WOW is all I can say!


----------



## David Brown (Feb 8, 2021)

Whats that piece of what looks like a broke nail on the centre part of rear hub? curious minds. very neat machine


----------



## pedal4416 (Feb 8, 2021)

I swear it’s the pleating in these pants! That’s hot!!!!


----------



## cr250mark (Feb 8, 2021)

I’d like a 36”x 36” for my wall !
Black and white would be great ,
Wow is that a sweet shot , looks like gearing off a steam train . 

Great looking bicycle


----------



## oldspoke (Feb 8, 2021)

David Brown said:


> Whats that piece of what looks like a broke nail on the centre part of rear hub? curious minds. very neat machine



Hello Dave,

That is a locating pin.
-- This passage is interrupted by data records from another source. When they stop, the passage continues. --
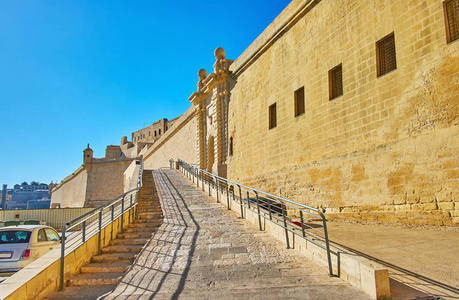 石头上升到圣安吉洛堡一个著名地标中世纪 Birgu Vittoriosa, 马耳他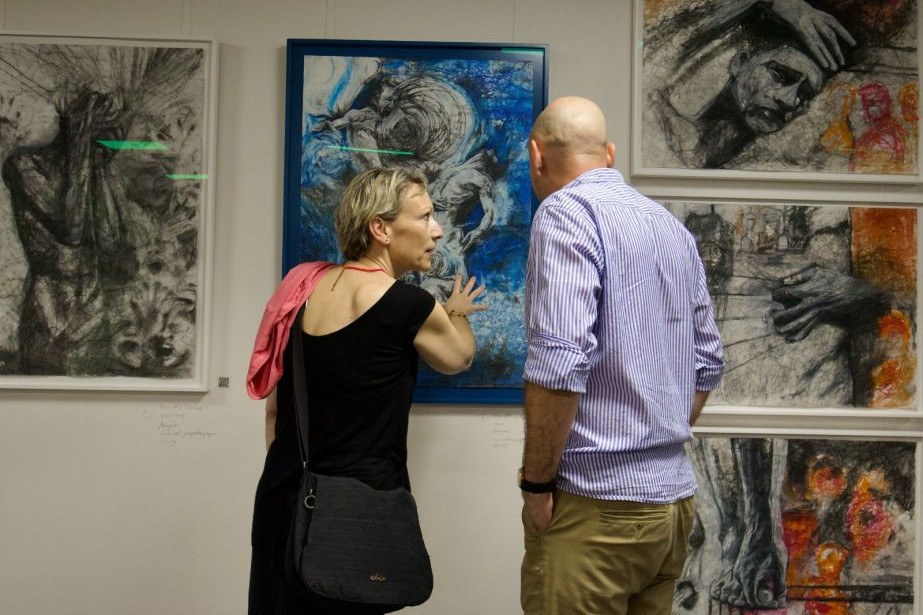 V Praze byla zahájena výstava obrazů našeho krajana s názvem „Kořeny“ – FOTO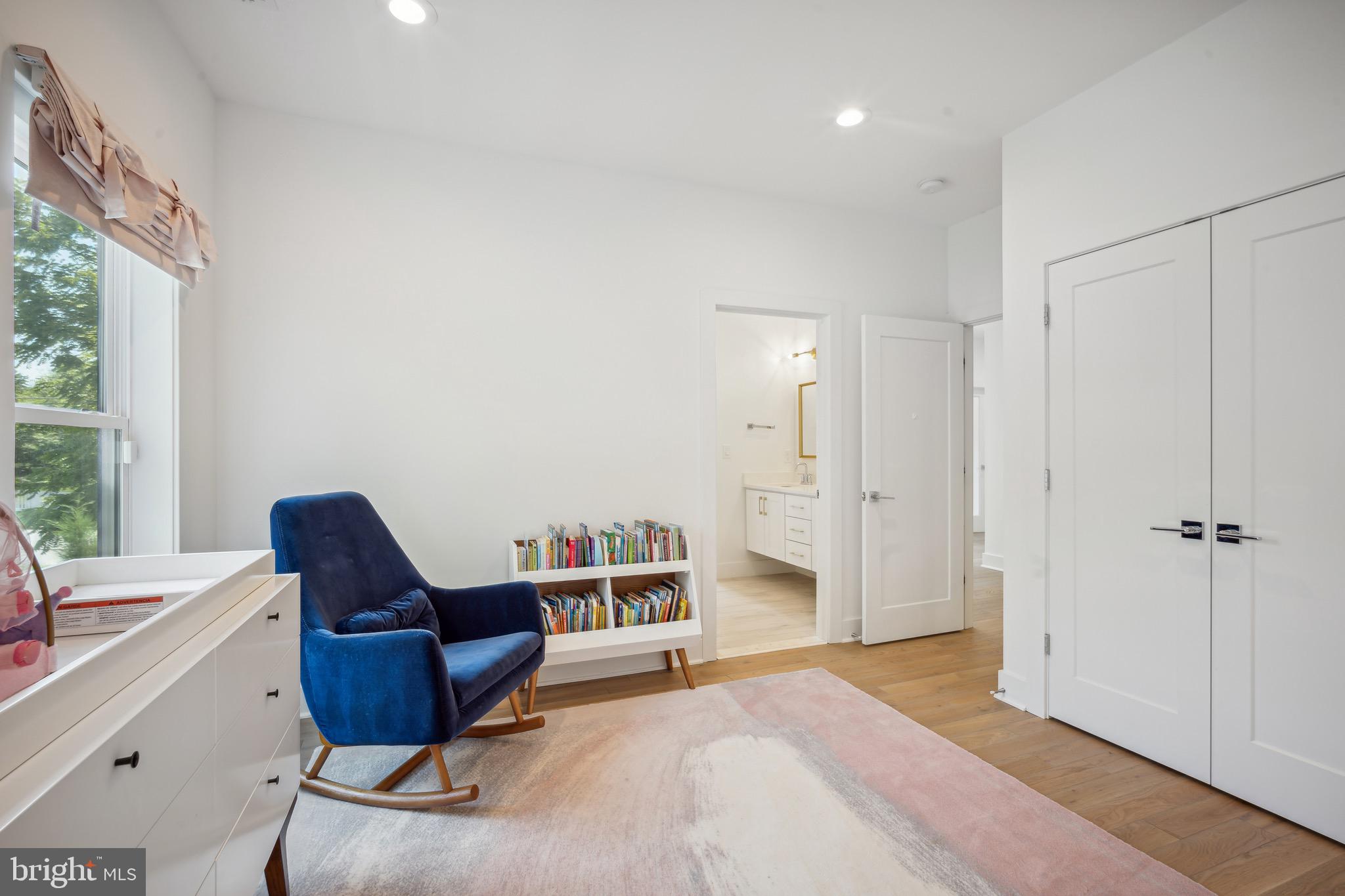 PIMMIT HILLS - Residential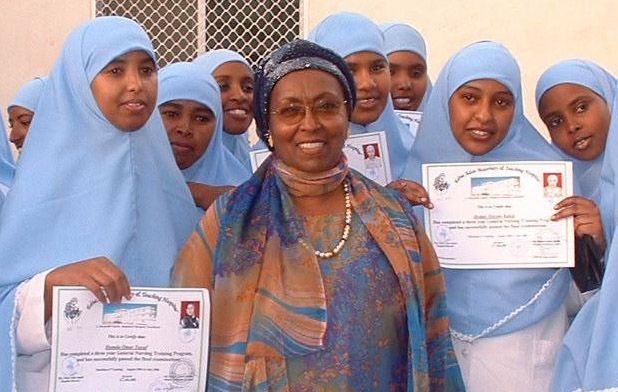 File:Edna Adan Ismail, with graduate nurses.jpg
I believe it may be a replacement piece ( a bit long ) or has slipped out slightly. I have not done anything to this bike. The bike sat in a museum for a bit.


----------



## oldspoke (Feb 8, 2021)

Thank you everyone for your comments.

This bike dates to a time when technology was rapidly changing.


----------



## Blue Streak (Feb 8, 2021)

Glenn,

The 1898 book _The Modern Bicycle and Its Accessories_ has a description of the Featherstone Chainless that states its design is based on a recent patent (March 15, 1898) by Michael McAneny of Denver. The patent information below looks similar to your bicycle.













*US Patent No. 600,839 (Patented March 15, 1898, Application Filed September 14, 1896)*
























From March 24, 1898 issue of _The Wheel:_


----------



## oldspoke (Feb 8, 2021)

Blue Streak said:


> Glenn,
> 
> The 1898 book _The Modern Bicycle and Its Accessories_ has a description of the Featherstone Chainless that states its design is based on a recent patent (March 15, 1898) by Michael McAneny of Denver. The patent information below looks similar to your bicycle.
> View attachment 1354387
> ...



BINGO ! You've done it again Mr. Blue Streak !
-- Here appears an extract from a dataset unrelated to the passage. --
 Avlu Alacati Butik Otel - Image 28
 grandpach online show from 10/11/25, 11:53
I wonder how many cycles McAneny produced for the Columbine Cycle Co. ? Did Featherstone secure the patent ?

Is "The Modern Bicycle" available as a reprint ?

Thanks


----------



## Blue Streak (Feb 8, 2021)

From February 24, 1898 issue of _The Cycling Age and Trade Review:_


----------



## Blue Streak (Feb 8, 2021)

_The Modern Bicycle and Its Accessories_ can be found at http://www.gutenberg.org/ebooks/58444

I cannot find anything on Columbine Cycle Company in Denver CO in late 1890's.

This is the only bicycle related patent I can find for Michael McAneny. He has lots of other patents for a wide range of things up into the 1940's. 
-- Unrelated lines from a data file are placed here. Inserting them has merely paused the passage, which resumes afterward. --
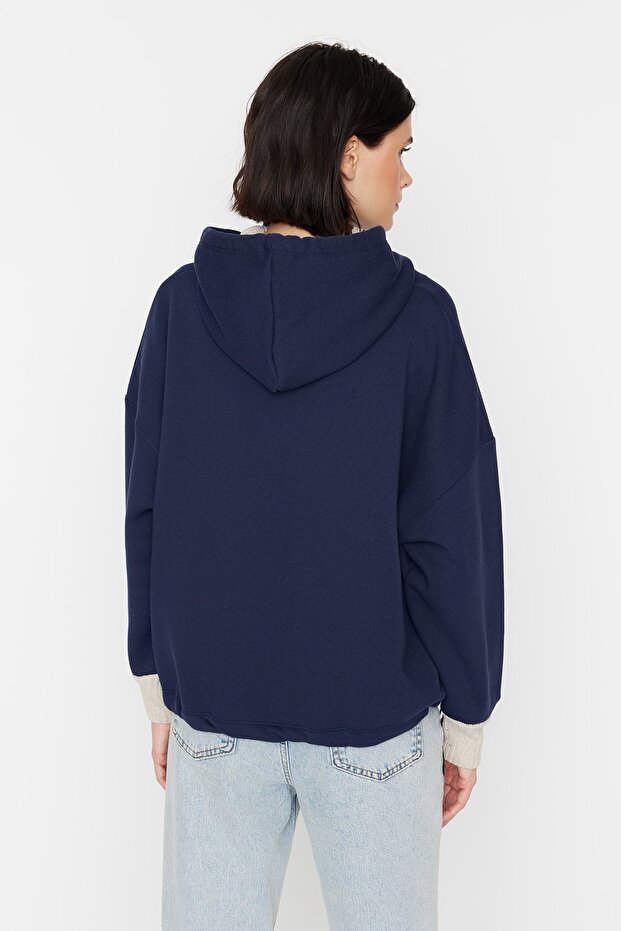 Lacivert Kalın İçi Polarlı Triko Bant Detaylı Kapüşonlu Örme Sweatshirt TWOAW22SW1806 - 7
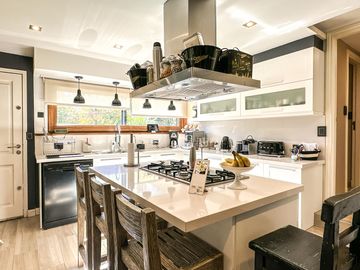 Casa en Venta, Elegante, Funcional y en Perfecto Estado en las Lomas de San Isidro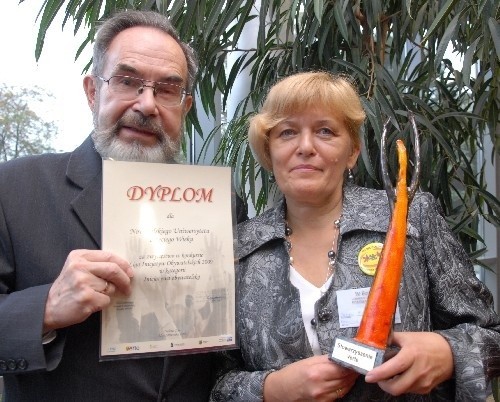 Danuta Miczulska i Eugeniusz Kamiński z dumą prezentują otrzymaną statuetkę i dyplom (fot. Wojciech Waloch)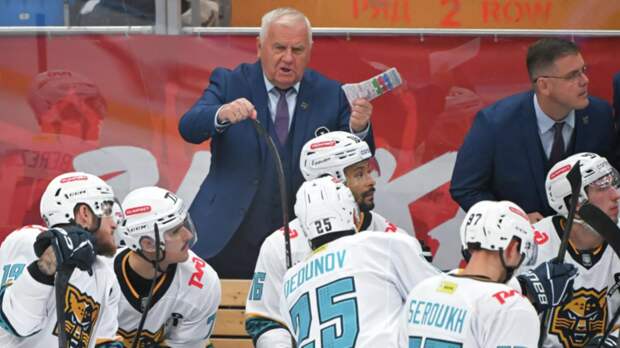 У хоккейного тренера Крикунова отобрали вид на жительство в Латвии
Your fork crown is distinctive. Looks similar to the Liberty Fork shown in _The Modern Bicycle and Its Accessories.


_


----------



## locomotion (Feb 9, 2021)

WOW ..... this is incredible
beautiful machine, awesome engineering
congrats on the find and if you need a new caretaker, PM me 
Max


----------



## Jesse McCauley (Feb 9, 2021)

@oldspoke @Blue Streak 
Excellent machine and legwork on both parts! 
I remember the first time I saw this bike, its like the first time every time  

As a supplement here is a photo of the fork on my Liberty ladies - as Jeff mentioned it does appear to be a very similar profile.


----------



## bikejunk (Feb 9, 2021)

Hey Glen !! beautiful bike !! Question when you roll it do the pedal spin or is their a free wheel somewhere in the drive train


----------



## oldspoke (Feb 9, 2021)

bikejunk said:


> Hey Glen !! beautiful bike !! Question when you roll it do the pedal spin or is their a free wheel somewhere in the drive train



Hello "Bikejunk" !

When one of the gears is engaged, and the bike is rolled along, the cranks rotate as normal on a chain drive and the rods to the rear wheel are active like an old steam locomotive.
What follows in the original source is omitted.